Un autentico cammino di conversione all’amore è dato anche dal rimanere nelle prove senza lasciarsi schiacciare dalla disperazione; dal restare aggrappati a quel Dio che non ci manda i mali, ma che dal male vuole liberarci; dal rimanere nelle prove, affidandoci al mistero di Dio per trovare nell’affidamento a lui le risorse per “resistere”.
L’Indulgenza è uno dei modi attraverso cui la Chiesa si fa carico di sostenere la nostra debolezza, affinché ci sia dato di realizzare una conversione profonda ed efficace, eliminando anche «l’impronta negativa» che i peccati – nostri o altrui – hanno lasciato nel mondo.
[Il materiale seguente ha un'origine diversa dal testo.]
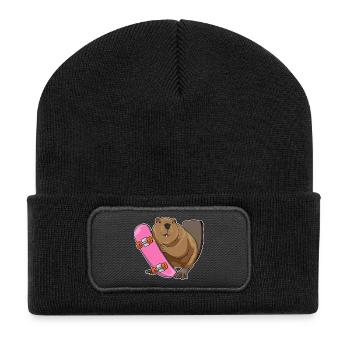 Beaver Skater Skateboard - Beanie recyclé à patch - noir - Devant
Quando si parla di «tesoro della Chiesa», ci si riferisce alla comunione d’amore, alla comunione dei santi, nella quale siamo introdotti grazie alla preghiera per ottenere l’indulgenza.
Per ricevere l’indulgenza plenaria si richiedono: una disposizione di distacco affettivo da qualsiasi peccato, anche veniale; l’attuazione di un’opera indulgenziata; il soddisfacimento, anche in giorni diversi, di tre condizioni: il sacramento della Riconciliazione, la partecipazione all’ Eucaristia e la preghiera secondo le intenzioni del Santo Padre.
La Confessione, vissuta con il cuore sinceramente distaccato da qualsiasi peccato, spinge l’uomo ad avvicinarsi a Dio e a lasciare che Dio si avvicini a lui.
La celebrazione dell’Eucaristia, con la comunione sacramentale, sottolinea la dimensione ecclesiale dell’indulgenza.
La preghiera secondo le intenzioni del Papa ricorda come la comunione non sia genericamente spirituale, ma debba essere concreta comunione con la madre Chiesa.
Le indulgenze, plenarie e parziali, possono essere applicate ai defunti a modo di suffragio.
La pratica delle indulgenze non pregiudica il valore di altre modalità di purificazione, come anzitutto la santa Messa e l’offerta della propria sofferenza. Costituisce anzi un incoraggiamento a compiere opere buone a vantaggio di tutti.